→ **What is required**
Using the data beneath this instruction, retype only the lines from the one that contains "Antique gold picture" down to the one that contains "Part Diagram for Lamborghini 4T0810171D", both included, exactly as they appear.

→ **Records for this task**
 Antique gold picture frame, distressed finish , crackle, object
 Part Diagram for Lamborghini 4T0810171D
--
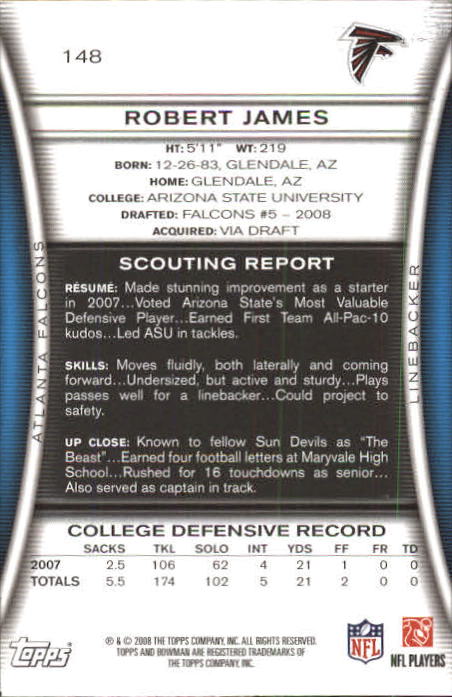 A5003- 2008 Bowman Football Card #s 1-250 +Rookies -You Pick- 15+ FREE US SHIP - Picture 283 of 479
* * *
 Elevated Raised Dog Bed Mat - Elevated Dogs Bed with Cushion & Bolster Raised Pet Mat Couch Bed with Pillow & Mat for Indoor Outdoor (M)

→ **Answer to this problem**
 Antique gold picture frame, distressed finish , crackle, object
 Part Diagram for Lamborghini 4T0810171D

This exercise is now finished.